Key changes include:
- Providing more time for contractors and subcontractors to resolve their disputes outside of court by extending timelines to file liens and start court actions from 90 days to 150 days;
- Ensuring contractors and subcontractors know when to expect full payment by requiring holdback funds to be paid as soon as the deadline to file liens passes;
- Protecting subcontractors and workers if the general contractor files for bankruptcy by requiring surety bonding on public sector projects above a certain amount;
- Allowing condominium unit owners to remove liens from their unit in relation to common elements (e.g., corridors, lobbies, etc.); and
- Referring construction lien claims under $25,000 to small claims court.
Edward Betts, a partner with Gowling WLG, says in a commentary that the key legislative provisions yet to be proclaimed include “prompt payment, adjudication, changes in the lien preservation and perfection periods, mandatory payment of holdback, trust accounting rules and so on.”

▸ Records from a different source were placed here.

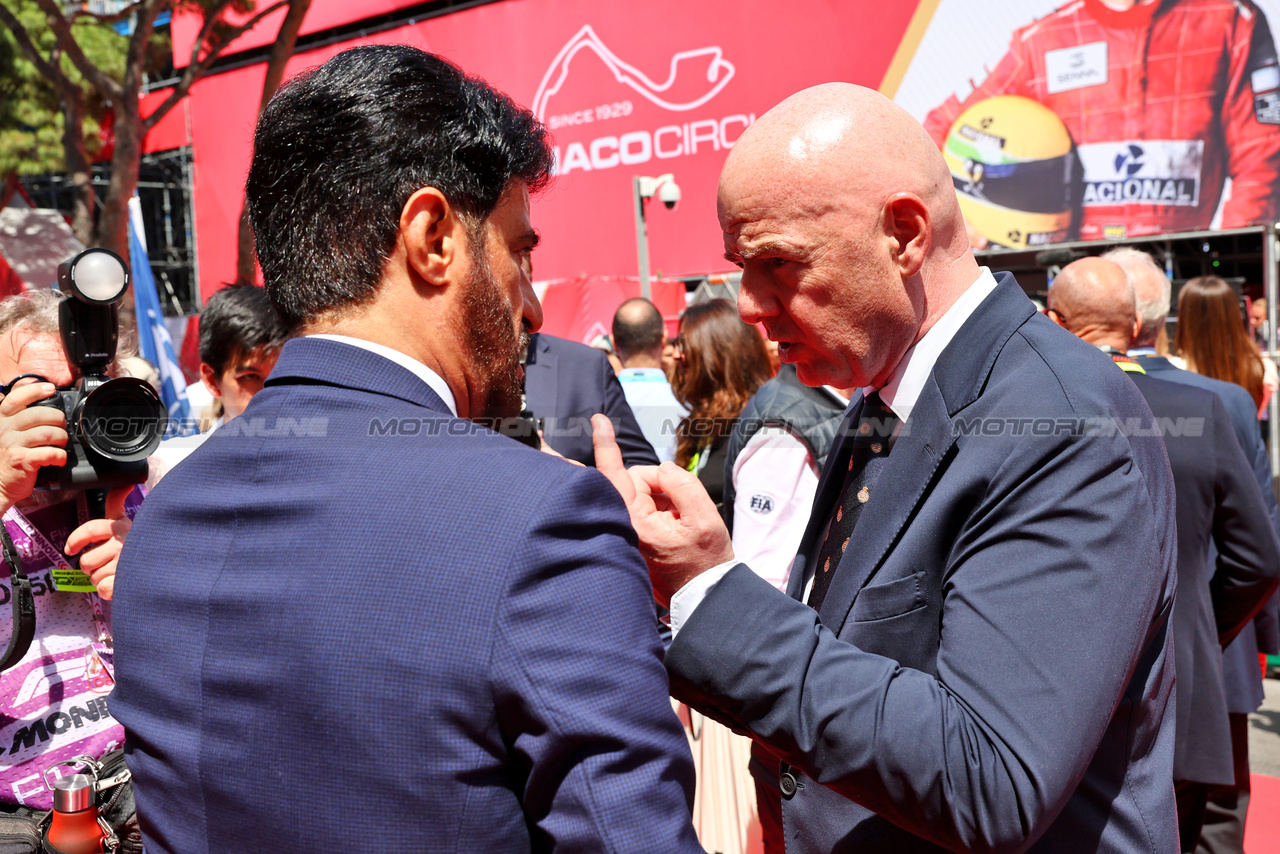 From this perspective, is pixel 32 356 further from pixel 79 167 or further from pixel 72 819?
pixel 79 167

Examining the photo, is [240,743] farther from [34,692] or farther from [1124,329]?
[1124,329]

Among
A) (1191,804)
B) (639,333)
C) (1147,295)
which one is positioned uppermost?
(1147,295)

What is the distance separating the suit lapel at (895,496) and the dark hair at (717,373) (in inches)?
108

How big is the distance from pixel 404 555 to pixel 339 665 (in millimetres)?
129

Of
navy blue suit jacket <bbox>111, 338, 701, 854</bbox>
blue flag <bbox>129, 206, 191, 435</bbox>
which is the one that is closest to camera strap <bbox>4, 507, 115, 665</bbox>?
navy blue suit jacket <bbox>111, 338, 701, 854</bbox>

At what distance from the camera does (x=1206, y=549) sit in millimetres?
3168

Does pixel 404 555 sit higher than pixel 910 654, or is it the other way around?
pixel 404 555

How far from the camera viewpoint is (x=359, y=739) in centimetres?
100

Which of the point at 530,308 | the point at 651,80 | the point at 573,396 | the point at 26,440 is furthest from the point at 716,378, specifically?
the point at 651,80

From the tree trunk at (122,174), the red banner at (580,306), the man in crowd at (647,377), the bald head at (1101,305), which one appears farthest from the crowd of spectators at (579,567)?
the red banner at (580,306)

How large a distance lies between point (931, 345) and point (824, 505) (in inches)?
15.1

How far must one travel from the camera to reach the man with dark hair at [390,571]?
3.22ft

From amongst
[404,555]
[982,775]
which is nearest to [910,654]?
[982,775]

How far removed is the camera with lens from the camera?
6.64ft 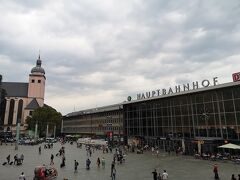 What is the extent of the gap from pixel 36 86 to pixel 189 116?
13137 centimetres

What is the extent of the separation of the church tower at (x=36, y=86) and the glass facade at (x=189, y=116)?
105 m

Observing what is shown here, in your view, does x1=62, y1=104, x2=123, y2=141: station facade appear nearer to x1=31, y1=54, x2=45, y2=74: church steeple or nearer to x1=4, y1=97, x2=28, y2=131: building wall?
x1=4, y1=97, x2=28, y2=131: building wall

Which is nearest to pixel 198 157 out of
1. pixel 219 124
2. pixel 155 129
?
pixel 219 124

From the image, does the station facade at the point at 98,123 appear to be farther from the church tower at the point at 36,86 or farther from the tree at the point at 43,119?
the church tower at the point at 36,86

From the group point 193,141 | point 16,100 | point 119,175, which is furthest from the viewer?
point 16,100

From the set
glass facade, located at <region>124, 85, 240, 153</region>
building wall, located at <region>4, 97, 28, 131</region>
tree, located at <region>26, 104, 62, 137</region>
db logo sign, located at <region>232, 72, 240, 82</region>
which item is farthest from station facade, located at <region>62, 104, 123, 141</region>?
db logo sign, located at <region>232, 72, 240, 82</region>

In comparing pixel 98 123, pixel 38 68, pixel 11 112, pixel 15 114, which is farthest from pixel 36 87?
pixel 98 123

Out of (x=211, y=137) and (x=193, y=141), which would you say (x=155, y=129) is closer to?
(x=193, y=141)

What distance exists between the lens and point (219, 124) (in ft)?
168

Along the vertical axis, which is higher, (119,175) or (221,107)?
(221,107)

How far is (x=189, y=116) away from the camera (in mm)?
58469

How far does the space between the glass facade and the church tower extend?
10473 centimetres

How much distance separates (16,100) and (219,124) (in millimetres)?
142455

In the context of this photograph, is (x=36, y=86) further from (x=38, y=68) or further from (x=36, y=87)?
(x=38, y=68) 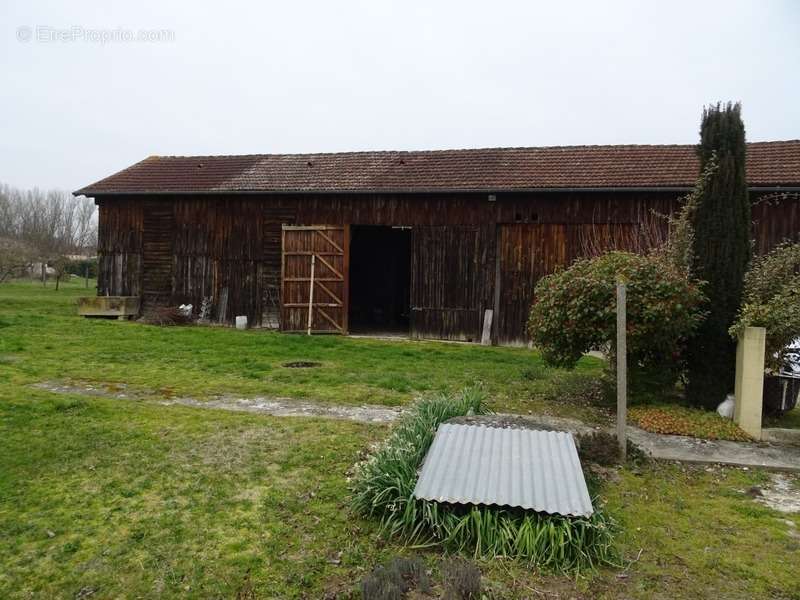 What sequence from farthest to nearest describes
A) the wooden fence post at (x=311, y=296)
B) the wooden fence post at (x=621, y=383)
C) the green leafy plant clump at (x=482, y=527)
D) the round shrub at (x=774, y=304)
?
the wooden fence post at (x=311, y=296) → the round shrub at (x=774, y=304) → the wooden fence post at (x=621, y=383) → the green leafy plant clump at (x=482, y=527)

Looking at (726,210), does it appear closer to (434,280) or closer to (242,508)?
(242,508)

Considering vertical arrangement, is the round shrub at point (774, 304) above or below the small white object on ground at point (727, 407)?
above

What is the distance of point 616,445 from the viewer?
549 cm

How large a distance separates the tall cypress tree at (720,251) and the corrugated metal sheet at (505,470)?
3.43 meters

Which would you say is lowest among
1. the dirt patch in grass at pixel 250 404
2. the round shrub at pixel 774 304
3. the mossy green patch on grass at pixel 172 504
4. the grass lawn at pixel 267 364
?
the mossy green patch on grass at pixel 172 504

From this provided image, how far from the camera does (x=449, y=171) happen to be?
1502 cm

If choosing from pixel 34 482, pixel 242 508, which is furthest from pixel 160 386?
pixel 242 508

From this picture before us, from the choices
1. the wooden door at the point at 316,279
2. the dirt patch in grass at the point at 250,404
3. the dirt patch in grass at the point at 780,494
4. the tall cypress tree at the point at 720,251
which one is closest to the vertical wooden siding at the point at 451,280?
the wooden door at the point at 316,279

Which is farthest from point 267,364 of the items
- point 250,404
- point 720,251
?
point 720,251

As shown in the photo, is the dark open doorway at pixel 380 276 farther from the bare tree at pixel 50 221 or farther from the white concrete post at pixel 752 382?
the bare tree at pixel 50 221

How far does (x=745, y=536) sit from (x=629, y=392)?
3.79m

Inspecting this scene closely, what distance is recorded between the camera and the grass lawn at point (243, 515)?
344cm

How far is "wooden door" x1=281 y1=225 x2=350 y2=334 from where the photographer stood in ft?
49.4

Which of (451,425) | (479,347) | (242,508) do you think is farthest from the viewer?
(479,347) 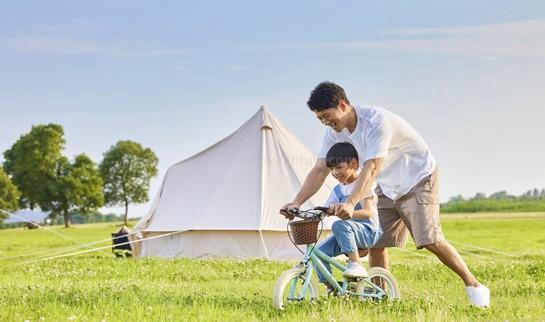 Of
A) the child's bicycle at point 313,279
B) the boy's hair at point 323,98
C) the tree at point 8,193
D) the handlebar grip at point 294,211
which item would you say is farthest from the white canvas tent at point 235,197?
the tree at point 8,193

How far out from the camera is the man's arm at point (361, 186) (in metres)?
6.36

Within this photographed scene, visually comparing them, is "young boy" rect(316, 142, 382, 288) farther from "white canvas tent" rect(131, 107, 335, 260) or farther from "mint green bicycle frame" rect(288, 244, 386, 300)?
"white canvas tent" rect(131, 107, 335, 260)

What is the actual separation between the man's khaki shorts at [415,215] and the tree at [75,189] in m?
53.9

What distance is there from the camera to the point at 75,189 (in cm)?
5938

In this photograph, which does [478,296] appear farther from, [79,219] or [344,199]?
[79,219]

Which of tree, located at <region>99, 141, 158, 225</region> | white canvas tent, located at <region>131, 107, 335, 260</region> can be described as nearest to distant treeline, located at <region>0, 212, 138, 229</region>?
tree, located at <region>99, 141, 158, 225</region>

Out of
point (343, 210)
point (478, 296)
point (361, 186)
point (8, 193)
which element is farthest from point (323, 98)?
point (8, 193)

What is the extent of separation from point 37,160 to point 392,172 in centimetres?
5564

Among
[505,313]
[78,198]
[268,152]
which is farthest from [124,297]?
[78,198]

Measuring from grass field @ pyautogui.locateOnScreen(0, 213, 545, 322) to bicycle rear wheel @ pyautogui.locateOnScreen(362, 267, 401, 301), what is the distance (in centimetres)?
24

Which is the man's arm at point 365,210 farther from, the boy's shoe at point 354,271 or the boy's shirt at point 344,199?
the boy's shoe at point 354,271

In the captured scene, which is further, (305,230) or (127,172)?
(127,172)

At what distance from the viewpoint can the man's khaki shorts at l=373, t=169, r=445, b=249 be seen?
7.05 metres

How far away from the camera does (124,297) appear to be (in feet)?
24.7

He writes that it is likely that the balance of the act provisions “will be proclaimed fairly early into 2018.”
“For prompt payment and adjudication these will be in force when proclaimed after finalizing the related regulations and multiple prescribed forms,” Betts writes. “In addition, the adjudication nominating authority needs to be set up and then adjudicators certified before the prompt payment and adjudication can work, so we may see these provisions proclaimed but then delayed further until all that administration is taken care of.
“Various groups have asked for a long transition and education period,” he writes. “So we really do not know the timing yet unfortunately. The Attorney General’s Office has stated that it will make a clarifying announcement on timing in January 2018.”
Betts writes that the Construction Act includes:
- Long overdue updates to 35-year-old legislation that includes payment protection throughout the construction pyramid;
- Contractors and sub-contracts now have security and assurance regarding timelines for payment;
- Mandatory performance and payment bonds on publicly funded projects over a threshold contract price (similar to the Miller Act in the United States);
- The adjudication process will now provide an opportunity for resolution of construction disputes without disruption of project schedule and will assist in avoiding costly legal battles;
- No-exceptions rule to hold-back release deadlines means a no-exceptions rule to when contractors and sub-contractors get paid; and
- Mandatory prompt payment for sub-trades.
However, there are many challenges to be resolved in the regulations and scheduling, including ensuring there are an adequate supply of qualified adjudicators. As well, the legislation provides “contracting out” opportunities for some key provisions, which may weaken the effectiveness of the Prompt Payment requirements, but which will protect general contractors from being caught between a rock and a hard place in situations where they truly haven’t been paid by the owners. (Conversely, however, sub-trades will be able to walk off the job if they don’t receive their payments on schedule.)
As an example of the issues yet to be resolved, the previous Construction Lien Act includes wording that requires Certificates of Substantial Performance to be published in a “Construction Trade Newspaper”, further defined to be a daily publication – which effectively requires these notices to be published only in the Daily Commercial News (DCN), effectively granting that publication a legislative monopoly.
“References in the act to publication in a construction trade newspaper are replaced with requirements to publish in the manner set out in the regulations,” the Construction Act’s legislative synopsis says. But we still need to wait for the new regulations to see how things will change, if at all.